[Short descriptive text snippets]
---*---
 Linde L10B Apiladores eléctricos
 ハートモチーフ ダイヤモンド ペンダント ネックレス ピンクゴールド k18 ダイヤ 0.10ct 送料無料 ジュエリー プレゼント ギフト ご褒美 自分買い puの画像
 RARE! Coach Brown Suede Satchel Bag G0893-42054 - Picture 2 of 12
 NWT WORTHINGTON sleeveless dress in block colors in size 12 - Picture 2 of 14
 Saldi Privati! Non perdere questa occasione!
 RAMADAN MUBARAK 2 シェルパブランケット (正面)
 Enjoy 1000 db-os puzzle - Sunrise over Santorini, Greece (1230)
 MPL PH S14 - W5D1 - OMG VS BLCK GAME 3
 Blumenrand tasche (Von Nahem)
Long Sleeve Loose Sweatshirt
---*---
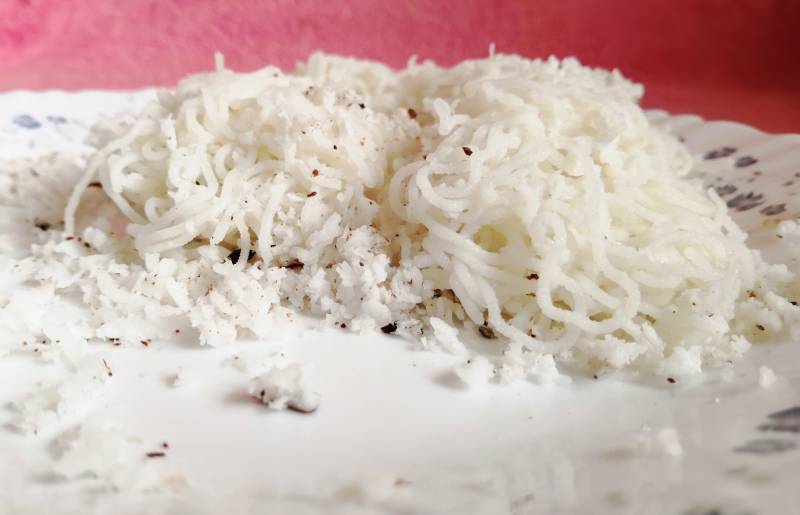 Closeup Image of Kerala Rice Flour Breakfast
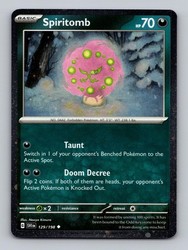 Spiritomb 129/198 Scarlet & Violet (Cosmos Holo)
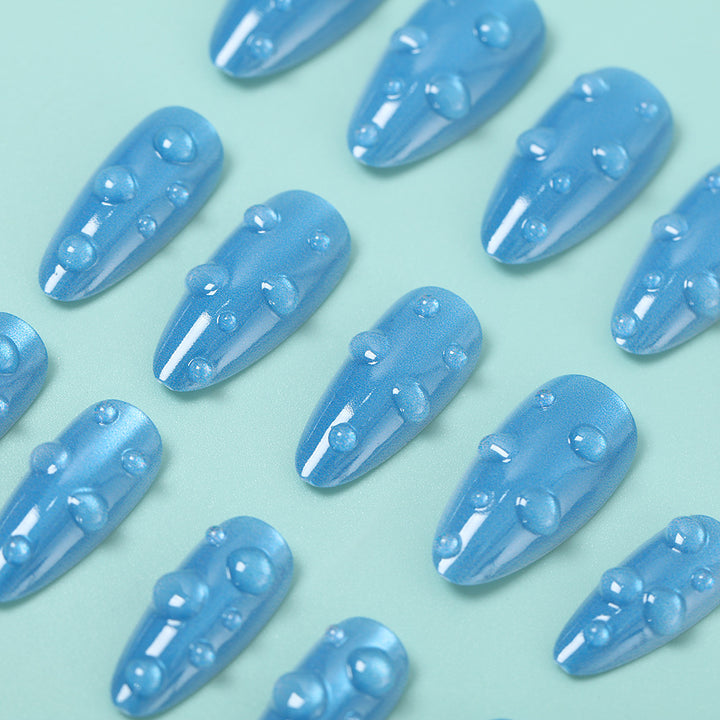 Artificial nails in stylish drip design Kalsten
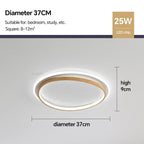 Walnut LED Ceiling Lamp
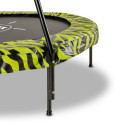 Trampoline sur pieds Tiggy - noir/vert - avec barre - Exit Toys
---*---
§ **Your instructions**
Using the data above, output the line that has "Artificial nails in", the line that has "Trampoline sur pieds", and whatever lines fall between, each exactly as it stands and without pictures.

§ **Your solution**
 Artificial nails in stylish drip design Kalsten
 Walnut LED Ceiling Lamp
 Trampoline sur pieds Tiggy - noir/vert - avec barre - Exit Toys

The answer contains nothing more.